_WORK TASK_
Exact transcription begins at the first line of the material below and ends with the line holding "Bismillahirrahmanirrahim, Assalamualaikum. Lecture"; pictures are skipped.

_PROVIDED RECORDS_
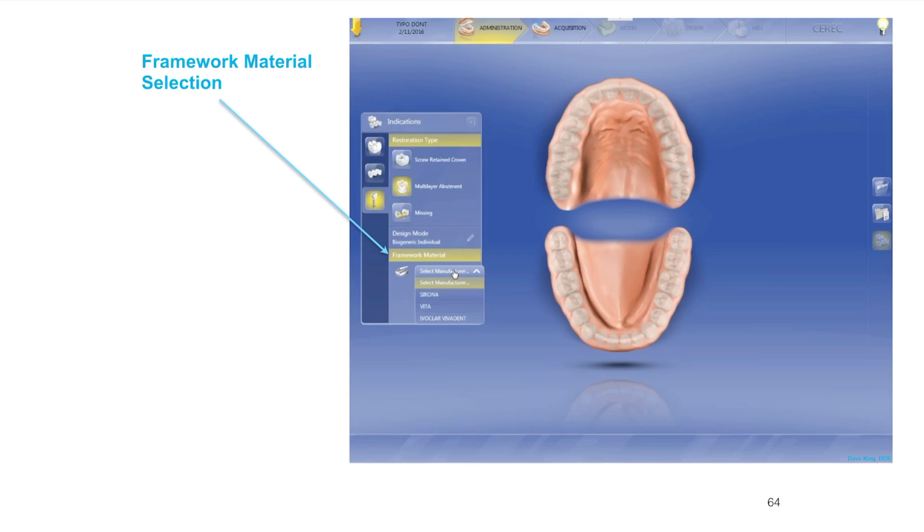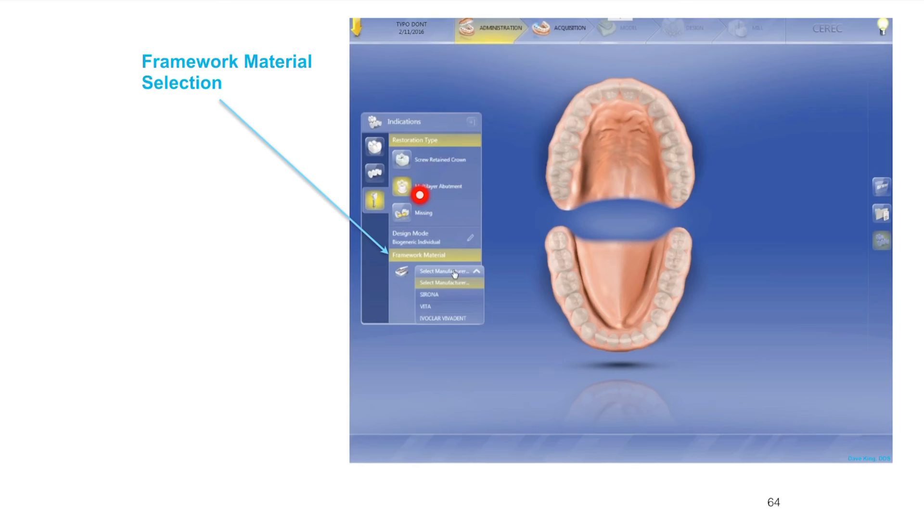The next choice we need to make after selecting the design mode, which I've selected biogeneric individual. If you have a biocopy scan of that tooth before it came out or of a wax up, you can change this to biogeneric copy. We're going to select the framework. Remember we selected multi-layer abutment, so there's multi and there's layer, two layers.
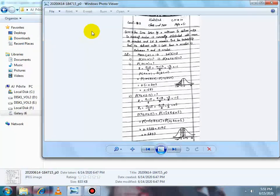Bismillahirrahmanirrahim, Assalamualaikum. Lecture no. 13, subject Statistics, class second year, chapter no. 10, page no. 51. Question no. 16: the time taken by a milkman to deliver milk to a housing sector is normally distributed with mean 12 minutes and standard deviation 2 minutes. So mu is equal to 12 and sigma is equal to 2 minutes.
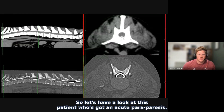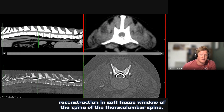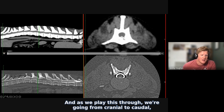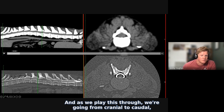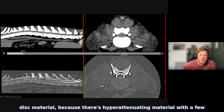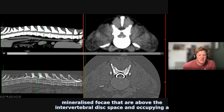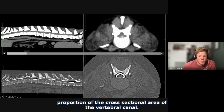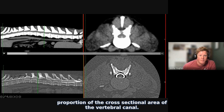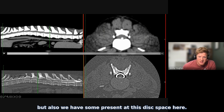Let's have a look at this patient with acute paraparesis. We have the initial sagittal reconstruction and transverse reconstruction in soft tissue window of the thoracolumbar spine. As we play through going from cranial to caudal, we reach locations where there's evidence of herniation of intervertebral disc material — hyper-attenuating material with a few mineralized foci above the intervertebral disc space, occupying a proportion of the cross-sectional area of the vertebral canal. It's present at this disc space and also at this disc space.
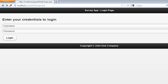Hey, welcome to part five on creating mobile web applications using jQuery Mobile. In this particular video, we're going to write our logic for the login page where we're going to authenticate the username and password with our database credentials, and on the basis of that we're going to make a decision whether they can see our application or not.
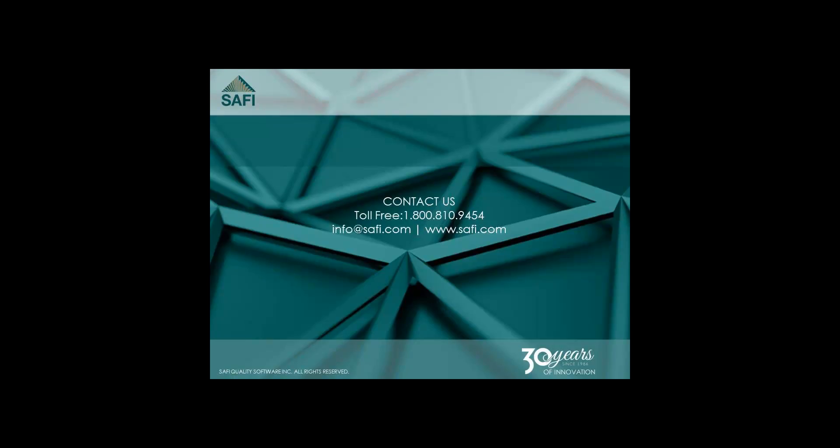I hope you enjoyed this video. For more information, please visit our website at www.safi.com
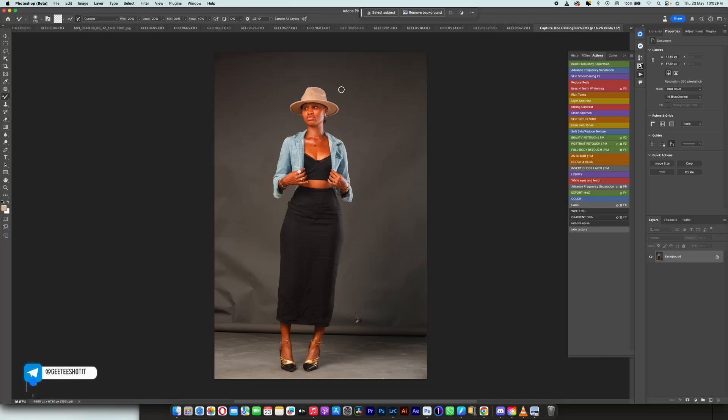So in this video we are going to be cleaning this picture, we are going to be cleaning our background. And I felt like this is the best way to do it so I'm going to be teaching you for free.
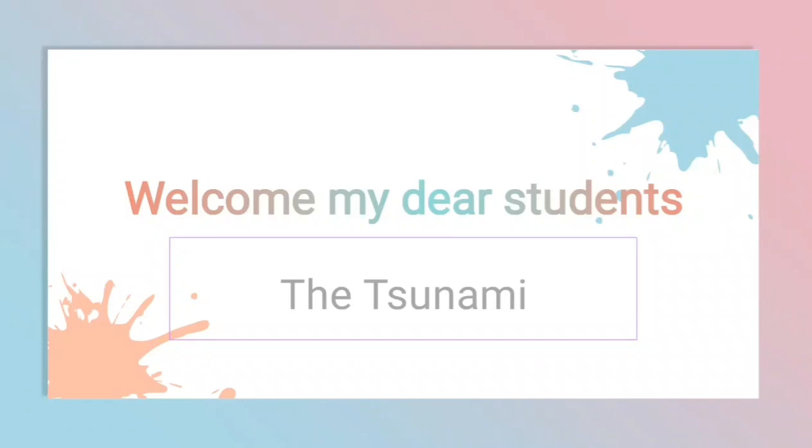Good morning children, welcome back to my channel. Let's start this video with the third part explanation of the chapter, The Tsunami.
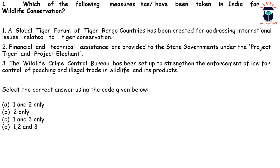All three statements are correct. The Global Tiger Forum is an intergovernmental body of tiger range countries that addresses international issues related to tiger conservation. The central government provides financial and technical assistance to state governments for wildlife conservation under projects like Project Tiger and Project Elephant. The Wildlife Crime Control Bureau strengthens enforcement of law for controlling poaching and illegal trade in wildlife and its products. So the answer is D — 1, 2 and 3.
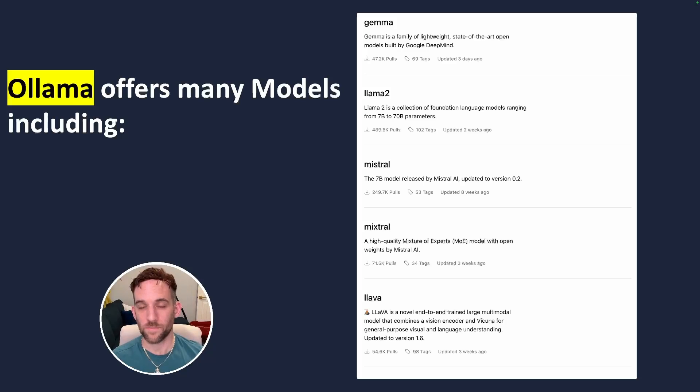Hey and welcome back and in today's video we're going to see how to install and run Ollama locally so we can use any local open source LLM.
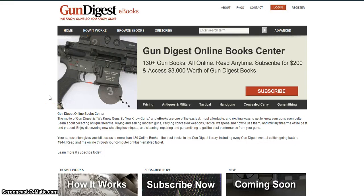Hello everyone and welcome to Gun Digest eBooks. This online library allows unlimited reading anywhere, anytime of more than 130 Gun Digest books dating back to 1944. That's $3,000 worth of Gun Digest books for one subscription of $200. This video will explain how to use this content rich site.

_ANSWER BELOW_
The next choice we need to make after selecting the design mode, which I've selected biogeneric individual. If you have a biocopy scan of that tooth before it came out or of a wax up, you can change this to biogeneric copy. We're going to select the framework. Remember we selected multi-layer abutment, so there's multi and there's layer, two layers.
Bismillahirrahmanirrahim, Assalamualaikum. Lecture no. 13, subject Statistics, class second year, chapter no. 10, page no. 51. Question no. 16: the time taken by a milkman to deliver milk to a housing sector is normally distributed with mean 12 minutes and standard deviation 2 minutes. So mu is equal to 12 and sigma is equal to 2 minutes.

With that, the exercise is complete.